Between completing his PhD and starting his current role in the School of Sport, Exercise and Health Sciences at Loughborough University in August 2015, Dr Kenyon held positions as an assistant lecturer in sport management at Loughborough University (2013-2014) and as a lecturer in sport management at the University of Northampton (2014-2015).

Dr Kenyon's research is broadly concerned with the strategic marketing and management of sport events and organisations, spanning community-based organisations and events (e.g., third sector sport organisations and small-scale events) through to their international counterparts (e.g., NGSOs like the IOC, and mega-events like the Olympic Games), and specifically focuses on:

  1. Branding and relationship management in sport (specialising in football marketing)
  2. Managing community and volunteer sport organisations (CVSOs)
  3. The impacts and legacies of events (specialising in the Olympic Games)

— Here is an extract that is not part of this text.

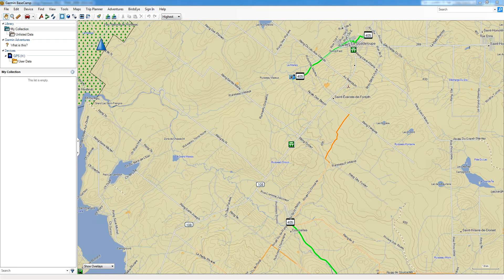So once Basecamp is open, you're going to go ahead and connect your GPS to your computer if it's not already done. Once it's connected, you'll see it listed under Devices in the left-hand panel, which is right here.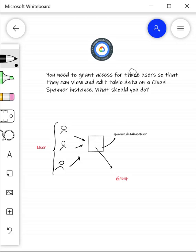So here you have three users and you have the option of assigning each of these users directly the role that is required - the Cloud Spanner database user role - or you can create a group, and this is the preferred way it should be done.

Across these fields of research, Dr Kenyon has had published several articles in peer-reviewed journals and written numerous chapters for edited monographs (including one chapter for a French reference work, one for a worldwide best-selling textbook, and two in Routledge Handbooks) which have generated international impact and are included as primary texts on indicative reading lists at higher education institutions around the world.

Dr Kenyon welcomes PhD applications in these three fields of research and is currently supervising the following students:

  • Anupa Mudiyanselage (started 2018, second supervisor) - "Analysing community sport development in Sweden, England and Sri Lanka"
  • Sungkyung Kim (started 2018, second supervisor) - "How can we enhance public support for mega sport events?: A study on the influence of Government-Public Relationship on Residents’ Support of the Tokyo 2020 Summer Olympic and Paralympic Games"
  • Laura Borrie (started 2019, lead supervisor) - "Developing graduate attributes and employability through sports-based volunteering"
  • Amer Saad Alajmi (started 2020, second supervisor) - "Nation branding through sporting events: exploring the impact of hosting non-mega sport events on the destination image in Saudi Arabia"
  • Helen Hathaway (started 2020, co-supervisor) - "Better evidencing the impact of Sport for Development – An ethnographic case study of the YES project"
  • Mengying Niu (started 2020, co-supervisor) - "Olympic Legacy Analysis: Beijing 2022 Olympic and Paralympic Winter Games"

Dr Kenyon has supervised the following students through to completion of their PhD studies:

  • Dr Alex Thurston (completed 2017, second supervisor) - "An analysis of the implementation of Clubmark and two associated policies in boxing, swimming and rugby union"
  • Dr Laila El-Dabt (completed 2019, co-supervisor) - "Sport mega-events and soft power: exploring the cases of Qatar, the United Arab Emirates and Bahrain"
  • Dr Colette Sisofo (completed 2019, second supervisor) - "Improving integrity issues in sport: addressing harassing and abusive behaviours through organizational policies"
  • Dr John Hie (completed 2020, third supervisor) - "The impact of management corruption on football fandom"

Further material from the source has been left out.